With the Marcos Visit, Carney’s Middle-Power Diplomacy Comes Home

When Philippine President Ferdinand Marcos Jr. arrives in Vancouver on July 1, his four-day visit will be the first by a Philippine head of state to Canada in 11 years. More than a bilateral milestone, it will be the clearest indication yet that Prime Minister Mark Carney’s Indo-Pacific diplomacy is beginning to come home.

Mr. Carney has travelled across Asia to rebuild strained relationships, deepen ties with trusted partners and position Canada within a wider network of middle powers. Outbound diplomacy, however, is only half the test. Canada’s strategic relevance also depends on whether other leaders are prepared to invest political capital by coming here.

Mr. Marcos may be the first of several Asian leaders to do so, with Indian Prime Minister Narendra Modi and Japanese Prime Minister Sanae Takaichi among those invited this fall.

The Philippines is an important place to begin because it is where Canada’s Indo-Pacific Strategy has arguably had its greatest impact.

Since the strategy was launched in 2022, a relationship once anchored primarily in deep people-to-people connections has broadened into a more consequential partnership spanning trade, investment, energy, maritime security, cybersecurity and defence.

Nearly one million Canadians of Filipino descent continue to form the backbone of the relationship, while expanding economic and defence partnerships are giving it greater strategic weight.

The partnership is also rooted in a shared desire for greater agency and choice in an increasingly dangerous world. Although the Philippines remains a U.S. treaty ally, it is seeking a wider range of economic, defence and security partners.

Canada remains deeply integrated with the United States, but it, too, is trying to reduce concentrated dependencies and build stronger relationships elsewhere. Both countries are vulnerable to external economic shocks, weaponized supply chains and growing pressure on national sovereignty, making them natural partners in the kind of practical, purpose-built coalitions that Mr.
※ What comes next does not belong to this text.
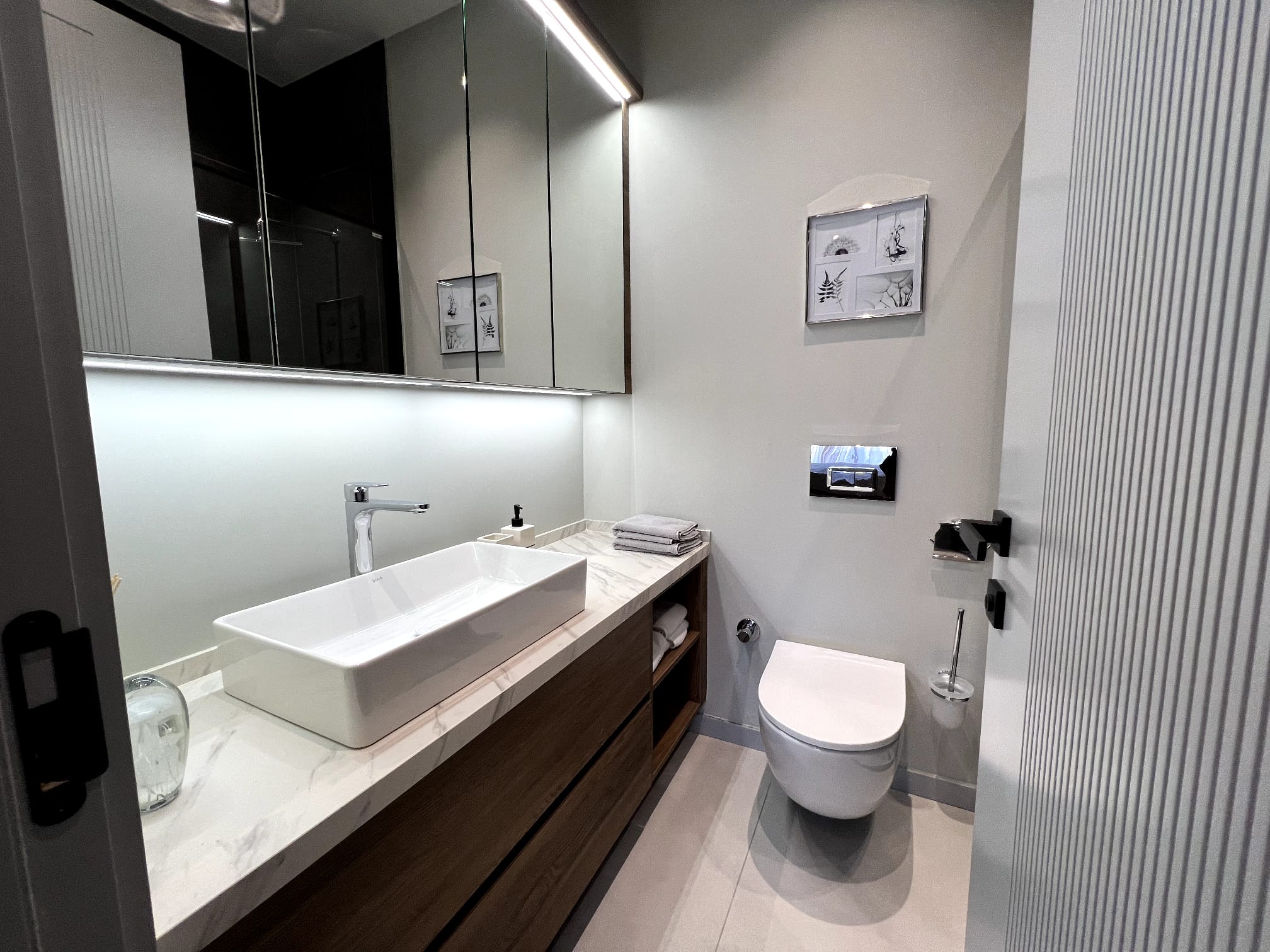 Image of Luna Dragos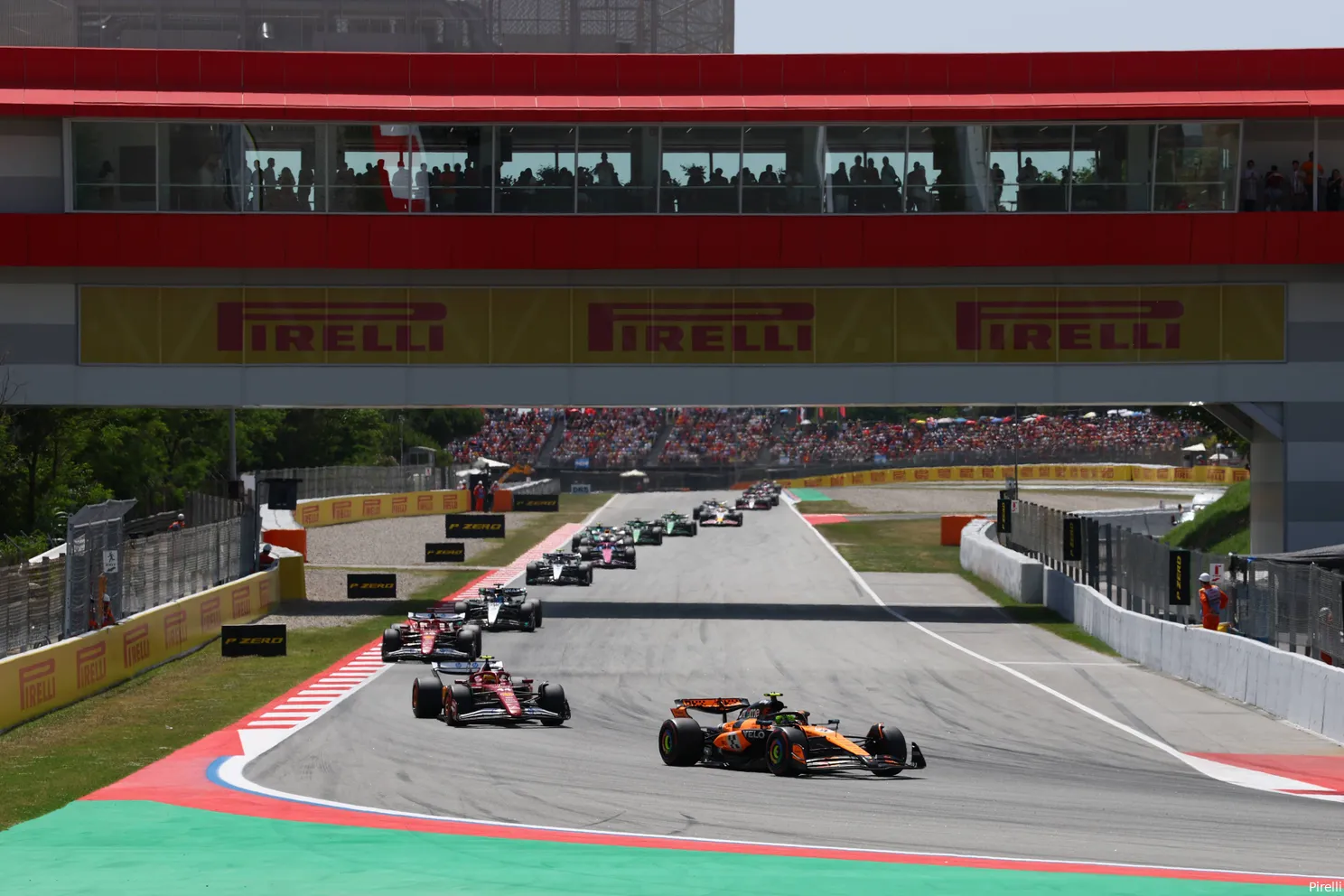 De race van Verstappen | Verstappen explodeert achter het stuur: 'Nee! Maat! Ik zat er toch voor!'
Carney’s middle-power diplomacy is intended to produce.

Nowhere has the relationship advanced more quickly than in defence and security. Canada and the Philippines signed a Defence Co-operation Memorandum of Understanding in 2024, followed in 2025 by a Status of Visiting Forces Agreement—Canada’s first with an Indo-Pacific country. The agreement establishes the legal framework for the two countries’ armed forces to train and operate in each other’s territory.

In 2026, Canadian personnel moved for the first time from observer status to participating actively in the Philippines’ largest annual military exercise, Balikatan.
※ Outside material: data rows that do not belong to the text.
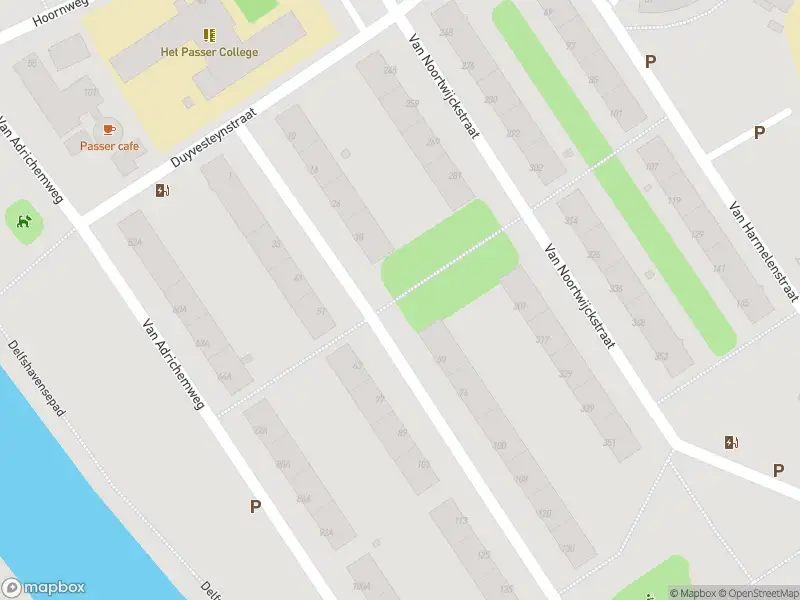 Ambulance met gepaste spoed naar de Lemkensstraat in Rotterdam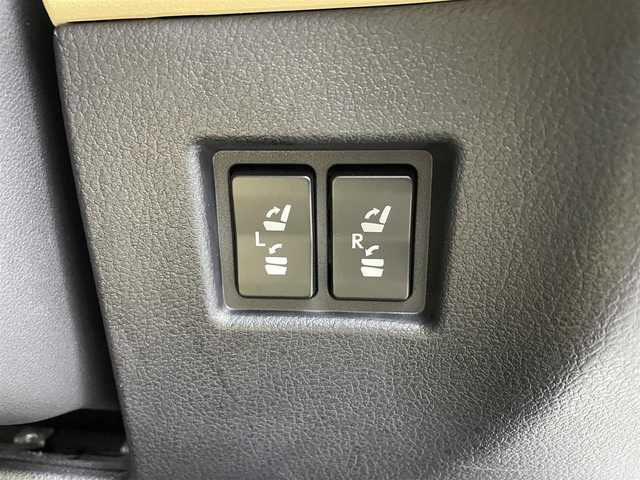 レクサス ＮＸ 300h バージョンL 愛知県 2015(平27)年 7万km ソニックチタニウム 3眼LEDヘッドライト/純正メモリーナビ/バックカメラ/レザーシート/クルーズコントロール/フルセグTV/Bluetooth対応/サイドカメラ（左側）/ドライブレコーダー（前後）/ステアリングリモコン/パドルシフト/ビルトインETC/メモリーパワーシート/シートヒーター（前席）/コンビレザーエアシート（前席）/後席リクライニング機能/パワーバックドア/純正18インチアルミホイール/純正フロアマット/オートライト/USB端子入力/スマートキー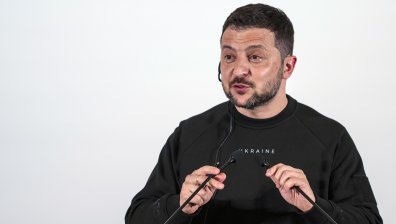 Зеленски кацна в София: Ще се срещна с Денков и Радев, ще обсъдим подкрепата за отбрана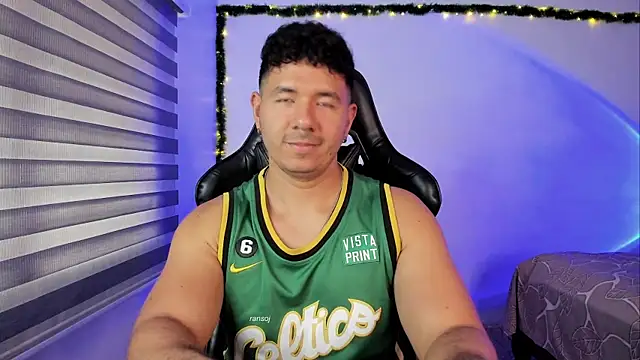 Chat XXX ao vivo de ransoj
Earlier this month, Philippine Defence Secretary Gilberto Teodoro became the first Philippine defence minister to visit Canada. During his visit, the two countries signed a Mutual Logistics Support Arrangement and a statement of intent setting out a road map for closer co-operation in maritime security, joint exercises and defence industry.

The value of these agreements lies in their practical effects. They improve interoperability, widen Manila’s security relationships and demonstrate that Canada can contribute useful capabilities in maritime domain awareness, cyber resilience, training and logistics.

Canada’s Dark Vessel Detection program, which helps Philippine authorities identify vessels engaged in illegal or unreported activity, is precisely the kind of specialized contribution that regional partners need and value.

This co-operation also carries wider significance. The Philippines faces persistent Chinese coercion in the South China Sea, and Mr. Marcos’s visit comes just before the 10th anniversary of the 2016 Permanent Court of Arbitration ruling that rejected the legal basis for Beijing’s expansive maritime claims.

Canada has consistently supported the Philippines in upholding its claims per the United Nations Convention on the Law of the Sea (UNCLOS) and has a direct interest in freedom of navigation and the stability of the sea lanes on which global commerce depends. Strengthening Philippine capacity is therefore not an act of distant solidarity; it is an investment in the regional order that underpins Canadian prosperity.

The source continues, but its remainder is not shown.